In 2000, she moved to Davis and began graduate work, taking classes in engineering, hydrology, geography and ecology. A focused student, she found she had a skill for solving problems, for scrutinizing numbers and comprehending the meaning hidden in them. Soon, Null was introduced to a computer water-modeling program called CALVIN, which spit out mounds of data on water in California. Null learned that CALVIN could take vast amounts of information—such as 72 years of river-flow data from the Sierra Nevada—and sort it in ways that made it possible to examine problems in brand-new ways.

CALVIN’s inventor turned out to be Null’s graduate adviser, Jay Lund, a leading California water scholar and an 18-year UC Davis professor of civil and environmental engineering. The potential applications for CALVIN were substantial, as the program could utilize economic and engineering data on water-supply systems all over the state.

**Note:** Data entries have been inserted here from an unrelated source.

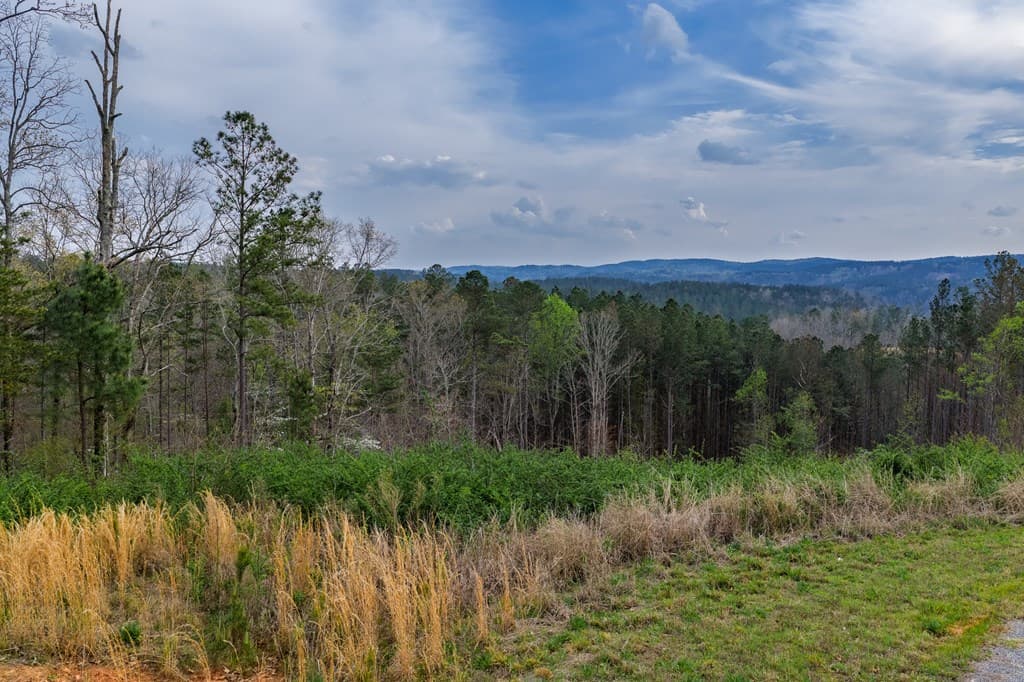 Lot 43 Bucktail Way, Talking Rock GA 30175 - Photo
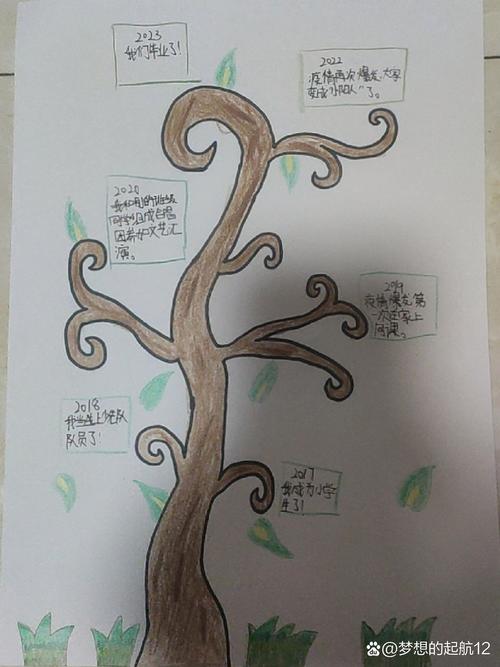 7岁儿童手绘成长森林关系图作品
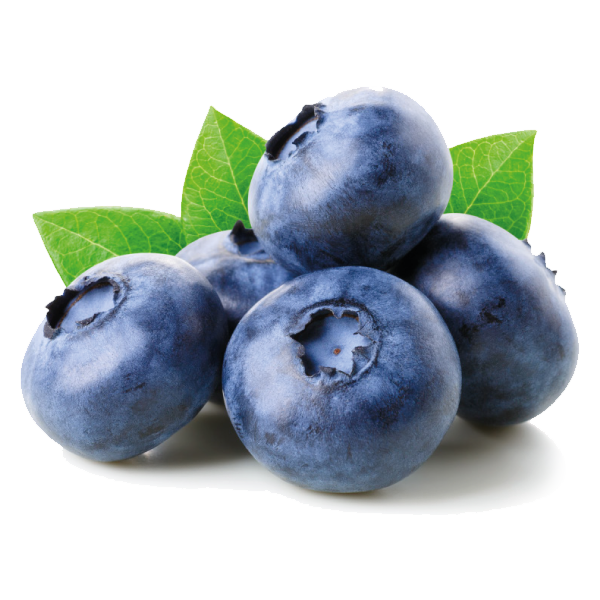 Heidelbeeren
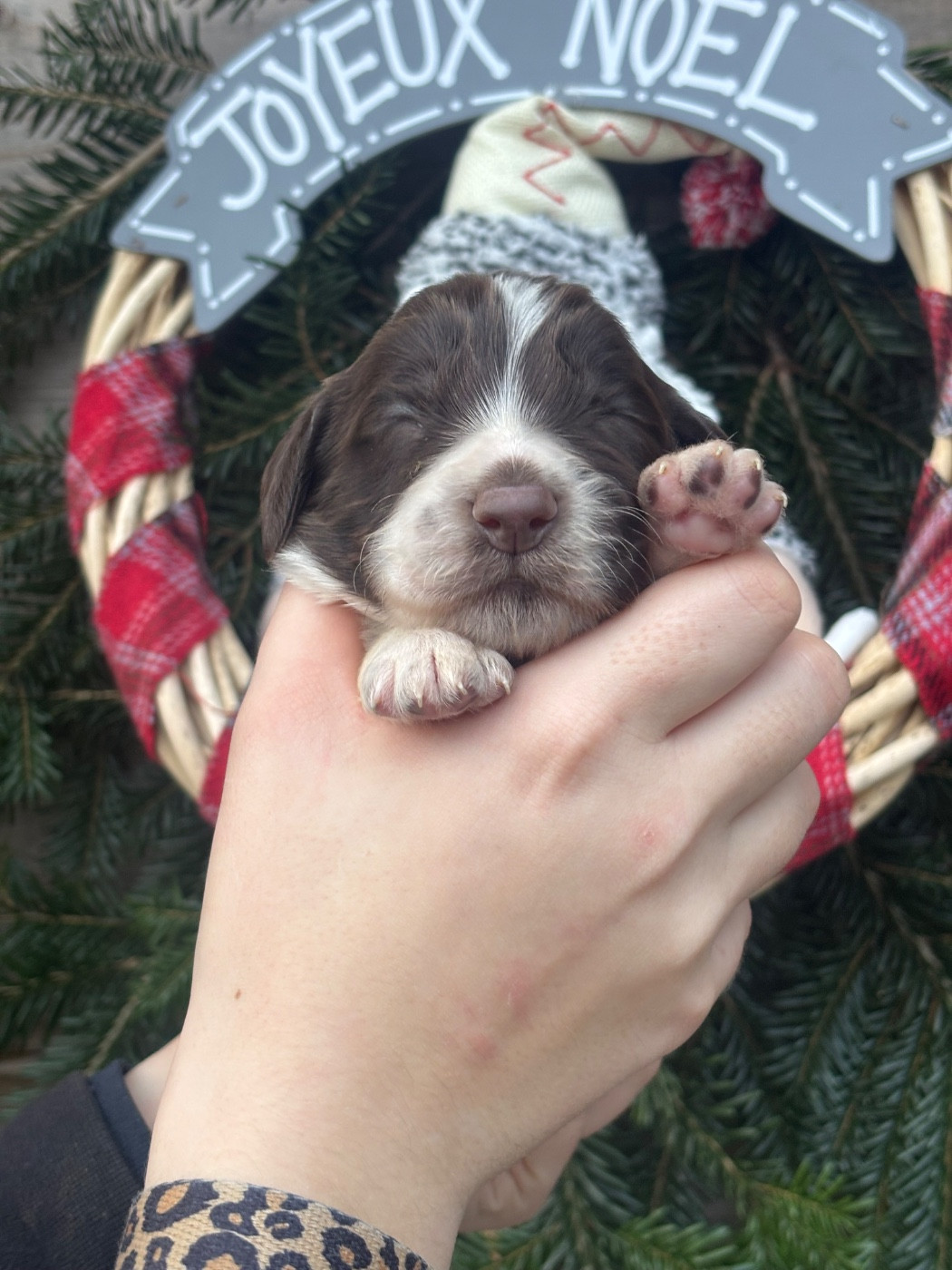 Des Terres De Beaulieu - Chiots disponibles - English Springer Spaniel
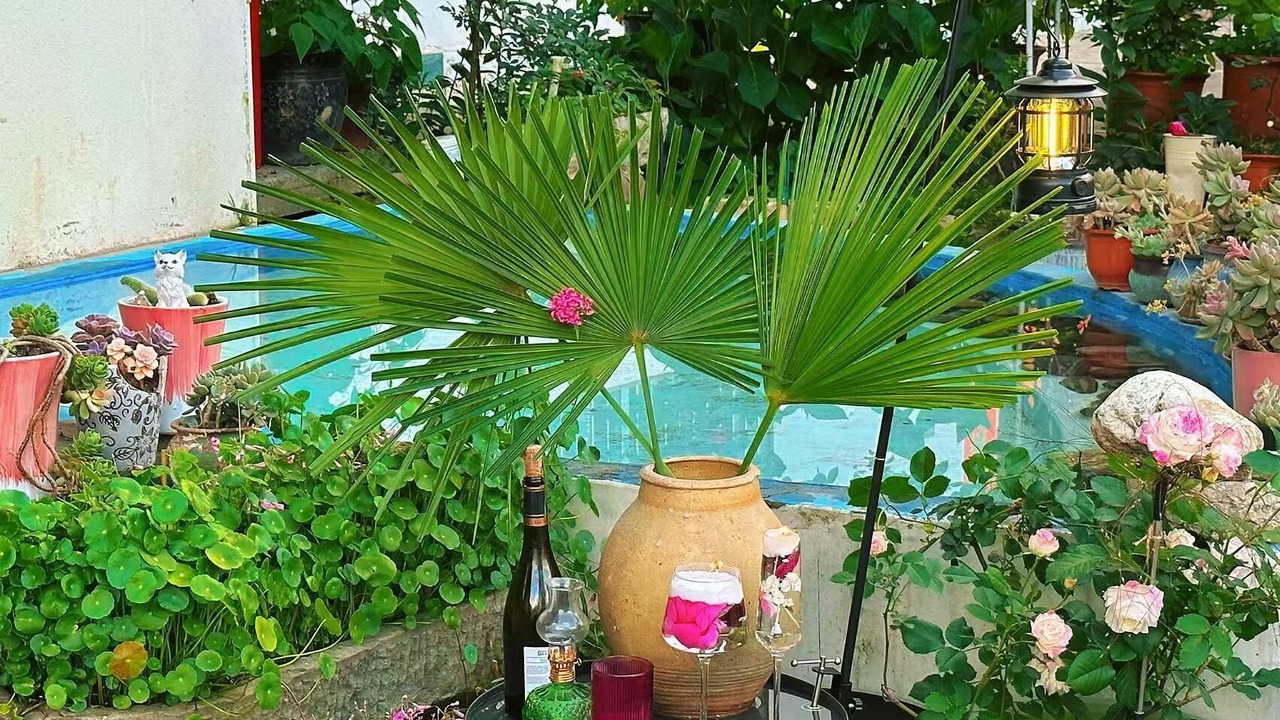 Photo of Outdoor in Chaqiyu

Lund had the idea that someone should use CALVIN to study Hetch Hetchy. “I was looking for a promising master’s student,” he said laughing, “… a little bit brave, a little bit quirky.” He found Null.

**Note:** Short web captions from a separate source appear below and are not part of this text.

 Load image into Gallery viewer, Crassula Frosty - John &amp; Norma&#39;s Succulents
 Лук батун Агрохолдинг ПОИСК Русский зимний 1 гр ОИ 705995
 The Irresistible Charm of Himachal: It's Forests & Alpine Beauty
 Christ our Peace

The graduate student’s path of investigation was set. Much of the water data for the Sierra region was loaded into CALVIN already, so it was only a matter of months before she was able to ask it simple questions, especially this one: What would happen if you took away the O’Shaughnessy Dam?

The answer was revealed to Null over the course of a year, on a scrolling screen, in vertical columns of millions of matrix-like, flowing numbers. She’d load variables into the computer and return sometimes five to eight hours later, once CALVIN was finished sorting. After that, when the data had been sifted in particular ways, she’d examine the numbers in search of answers to questions like these: How much extra capacity is there in downstream reservoirs? What happens in wet years? In drought years?

Within a few months, she and Lund had discovered a stunning result: CALVIN showed that removing the dam would take no water out of the system—you just have to store it differently. Basically, a pipeline “inter-tie” between the Hetch Hetchy aqueduct and the much larger New Don Pedro Reservoir (six times the size of Hetch Hetchy Reservoir) would allow almost all of the water now captured at O’Shaughnessy Dam to be arrested downstream instead. It became clear that there was huge flexibility in the system. Both the graduate student and her professor had expected the Hetch Hetchy- without-a-dam solution to be complicated. “We were expecting to have to do something fancy,” said Null. “It turned out to be blissfully simple,” agreed Lund.

Still, both were quite aware of the study’s limitations—i.e., the scientific solution on Hetch Hetchy might be simple, but the politics were utterly complicated.

Later that year, Null presented preliminary findings at a water-engineering confab that was held at Asilomar in Monterey County. “It was my first conference,” said Null. “I was terrified.” She gave her presentation and received what she thought was polite appreciation from those attending. But some people, like Ron Good of a Sierra Club break-off group called Restore Hetch Hetchy, had heard of Null’s work and traveled a long way to hear her early results. Good, who’d had no prior contact with Null, found her report “thrilling” because it mirrored similar, but as yet unpublished, modeling research that had been undertaken by other Hetch Hetchy-restoration allies at Environmental Defense, a national nonprofit group.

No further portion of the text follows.